Work required :: Repeat the records below exactly from the line containing "Mitsubishi Outlander 2017" to the line containing "BookNoFees: Restaurant –", taking in both of those lines. Drop the pictures.

Listed records ::
^^^^^^^^
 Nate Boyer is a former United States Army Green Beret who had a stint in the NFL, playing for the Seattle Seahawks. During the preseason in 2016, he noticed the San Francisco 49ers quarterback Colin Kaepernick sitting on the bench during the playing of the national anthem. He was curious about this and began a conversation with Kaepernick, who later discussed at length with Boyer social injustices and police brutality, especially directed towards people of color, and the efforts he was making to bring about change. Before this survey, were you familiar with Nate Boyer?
^^^^^^^^
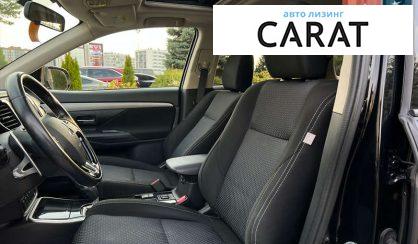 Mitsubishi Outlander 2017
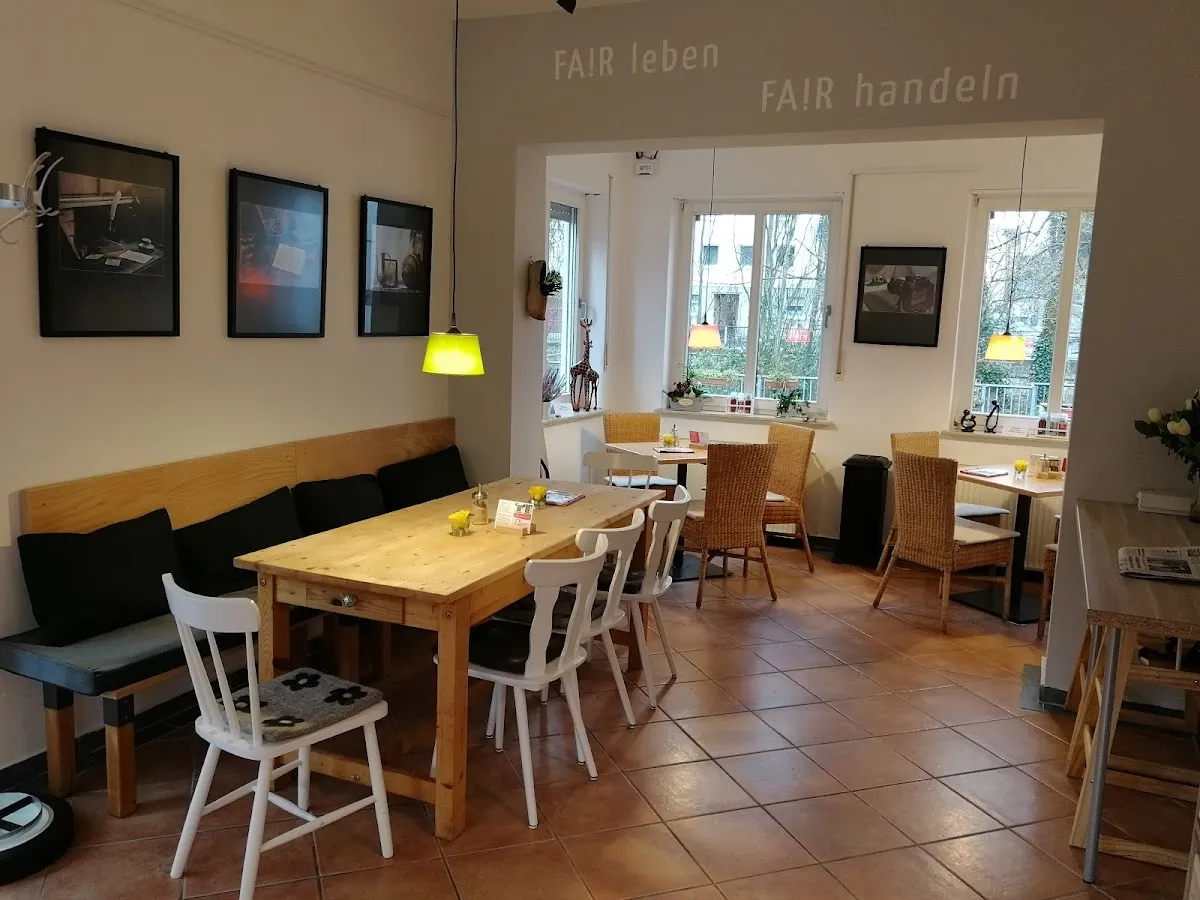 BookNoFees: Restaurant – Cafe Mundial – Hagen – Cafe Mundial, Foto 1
^^^^^^^^
Answer space ::
 Mitsubishi Outlander 2017
 BookNoFees: Restaurant – Cafe Mundial – Hagen – Cafe Mundial, Foto 1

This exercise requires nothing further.